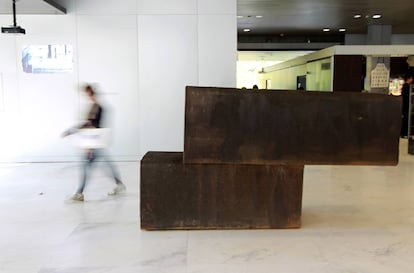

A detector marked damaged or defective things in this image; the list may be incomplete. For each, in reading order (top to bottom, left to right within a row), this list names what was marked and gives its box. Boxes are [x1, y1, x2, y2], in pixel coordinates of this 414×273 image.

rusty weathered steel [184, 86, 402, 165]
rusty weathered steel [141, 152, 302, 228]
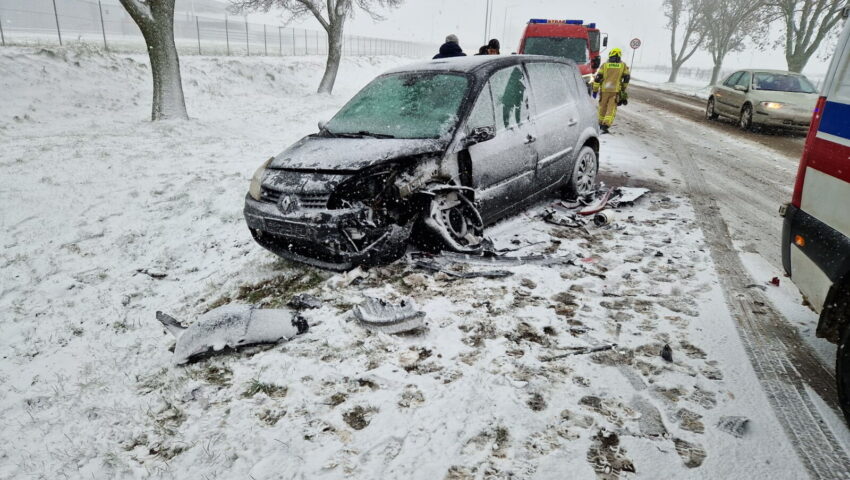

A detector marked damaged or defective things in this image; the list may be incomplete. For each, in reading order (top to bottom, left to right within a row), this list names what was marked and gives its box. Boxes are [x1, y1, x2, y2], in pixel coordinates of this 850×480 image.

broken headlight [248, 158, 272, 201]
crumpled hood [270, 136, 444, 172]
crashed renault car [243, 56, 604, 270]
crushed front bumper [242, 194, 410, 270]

------------------------------

## Your goal
Find the line that contains "this 850×480 image.". Write out that line and every line after it through the end of the data, exactly, and nothing else.

## Task answer
A detector marked damaged or defective things in this image; the list may be incomplete. For each, in reading order (top to bottom, left to right within a row), this list names what was marked and gives its box. Boxes are [x1, y1, x2, y2], in pixel coordinates of this 850×480 image.

broken headlight [248, 158, 272, 201]
crumpled hood [270, 136, 444, 172]
crashed renault car [243, 56, 604, 270]
crushed front bumper [242, 194, 410, 270]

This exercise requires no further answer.